I have been asked this question from a junior and could not solve the question in a simple way. I am asking help on this platform.
For a triangle $ABC$, Points $D, E$ on $AB$, where $AD:DE:EB=2:2:1$. Point $H$ on $AC$, where $AH:HC=5:3$. Point $G$ on $BC$, where $BG:GC=1:1$. Point $F$ is the intersection between $DG$ and $EH$.
Given area $ADFH$ = 100 $cm^2$, find area $BEFG$.
The difficulty is I don't see any line parallel, so I can't find any similar triangle.
What I have derived from triangle area formula is area $AEH$: area $ABC$ = $1:2$ and area $BDG$: area $ABC$ = $3:10$. But to get area $DEF$'s ratio, I spend quite a long time finding the ratio $EF:FH$.
This should not be such a hard question, so I want to know if there is an easier way of finding the answer.

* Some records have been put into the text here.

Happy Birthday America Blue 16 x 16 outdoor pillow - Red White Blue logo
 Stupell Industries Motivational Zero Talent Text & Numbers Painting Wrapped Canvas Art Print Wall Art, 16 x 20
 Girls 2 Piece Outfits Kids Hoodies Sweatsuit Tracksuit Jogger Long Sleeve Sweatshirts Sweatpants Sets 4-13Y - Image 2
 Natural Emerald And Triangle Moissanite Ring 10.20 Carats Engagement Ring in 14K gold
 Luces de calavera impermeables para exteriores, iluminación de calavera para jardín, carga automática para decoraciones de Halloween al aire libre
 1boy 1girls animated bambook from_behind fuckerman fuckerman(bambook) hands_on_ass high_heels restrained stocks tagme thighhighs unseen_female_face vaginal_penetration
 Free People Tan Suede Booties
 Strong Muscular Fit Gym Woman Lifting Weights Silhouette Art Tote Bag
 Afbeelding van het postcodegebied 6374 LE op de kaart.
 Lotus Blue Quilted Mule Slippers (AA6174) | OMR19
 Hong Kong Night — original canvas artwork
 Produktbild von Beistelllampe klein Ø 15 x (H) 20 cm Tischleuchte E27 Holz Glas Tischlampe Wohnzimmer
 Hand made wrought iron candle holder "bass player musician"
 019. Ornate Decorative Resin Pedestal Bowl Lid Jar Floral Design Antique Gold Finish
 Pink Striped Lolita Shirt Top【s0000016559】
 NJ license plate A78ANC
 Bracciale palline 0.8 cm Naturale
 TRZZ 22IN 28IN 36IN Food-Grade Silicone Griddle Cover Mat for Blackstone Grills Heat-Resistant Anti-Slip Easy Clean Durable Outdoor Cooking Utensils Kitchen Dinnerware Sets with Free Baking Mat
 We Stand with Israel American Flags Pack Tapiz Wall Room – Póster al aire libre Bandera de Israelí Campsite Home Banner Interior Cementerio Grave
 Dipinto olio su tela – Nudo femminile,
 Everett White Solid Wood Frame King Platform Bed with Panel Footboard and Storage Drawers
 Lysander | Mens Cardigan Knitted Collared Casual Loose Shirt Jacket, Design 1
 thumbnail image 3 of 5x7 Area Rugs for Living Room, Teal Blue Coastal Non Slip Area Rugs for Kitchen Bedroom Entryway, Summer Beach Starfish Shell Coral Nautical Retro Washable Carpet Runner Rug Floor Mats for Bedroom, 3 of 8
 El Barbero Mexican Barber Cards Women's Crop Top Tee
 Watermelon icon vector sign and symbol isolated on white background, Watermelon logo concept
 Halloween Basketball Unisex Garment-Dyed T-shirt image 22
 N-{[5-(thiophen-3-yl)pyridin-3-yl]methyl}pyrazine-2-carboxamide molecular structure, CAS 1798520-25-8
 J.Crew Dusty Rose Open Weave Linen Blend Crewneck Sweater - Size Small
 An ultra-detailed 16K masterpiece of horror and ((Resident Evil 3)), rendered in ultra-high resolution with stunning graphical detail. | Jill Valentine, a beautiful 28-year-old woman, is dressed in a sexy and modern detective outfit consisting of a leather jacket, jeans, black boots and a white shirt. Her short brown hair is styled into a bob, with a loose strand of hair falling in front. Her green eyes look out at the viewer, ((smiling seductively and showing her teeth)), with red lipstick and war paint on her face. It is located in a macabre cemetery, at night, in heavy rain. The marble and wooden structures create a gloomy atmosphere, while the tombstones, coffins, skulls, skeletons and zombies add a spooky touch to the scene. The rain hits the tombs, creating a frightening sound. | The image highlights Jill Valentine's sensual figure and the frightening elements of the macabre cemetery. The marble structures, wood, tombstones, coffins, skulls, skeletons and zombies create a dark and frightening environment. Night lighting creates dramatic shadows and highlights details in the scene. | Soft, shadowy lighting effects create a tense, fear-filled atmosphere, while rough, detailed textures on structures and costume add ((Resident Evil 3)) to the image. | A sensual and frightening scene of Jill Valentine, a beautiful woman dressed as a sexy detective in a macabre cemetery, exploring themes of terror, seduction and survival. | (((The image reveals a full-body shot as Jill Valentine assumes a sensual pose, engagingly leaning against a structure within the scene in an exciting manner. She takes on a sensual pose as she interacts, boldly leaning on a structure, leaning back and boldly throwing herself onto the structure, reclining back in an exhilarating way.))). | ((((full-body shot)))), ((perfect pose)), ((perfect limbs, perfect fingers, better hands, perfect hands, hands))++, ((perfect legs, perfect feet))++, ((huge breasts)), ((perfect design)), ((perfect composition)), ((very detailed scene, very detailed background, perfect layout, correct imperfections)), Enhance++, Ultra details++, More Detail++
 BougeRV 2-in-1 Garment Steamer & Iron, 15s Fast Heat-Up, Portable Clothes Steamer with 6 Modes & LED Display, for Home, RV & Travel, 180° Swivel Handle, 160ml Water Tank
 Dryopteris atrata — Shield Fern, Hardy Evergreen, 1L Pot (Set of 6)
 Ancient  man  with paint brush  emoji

This is too long for a comment. Let $\overrightarrow{AB}=a$ and $\overrightarrow{AC}=b$. Then $$0=\overrightarrow{AH}+ \overrightarrow{HF}+\overrightarrow{FD}+\overrightarrow{DA}.$$ Now substitute
$\overrightarrow{AH}=\frac{5}{8}b$,
$\overrightarrow{HF}= x\overrightarrow{HE} =x(-\frac{5}{8}b+\frac{4}{5}a)$,
$\overrightarrow{FD}=y\overrightarrow{GD}=y\bigl(\frac{1}{2}(a-b)-\frac{3}{5}a\bigr)$ and
$\overrightarrow{DA}=-\frac{2}{5}a$
in that equation to get $$\left(\frac{4}{5}x-\frac{1}{10}y-\frac{2}{5}\right)a + \left(\frac{5}{8}-\frac{5}{8}x-\frac{1}{2}y\right)b=0.$$ From here $x=21/37$.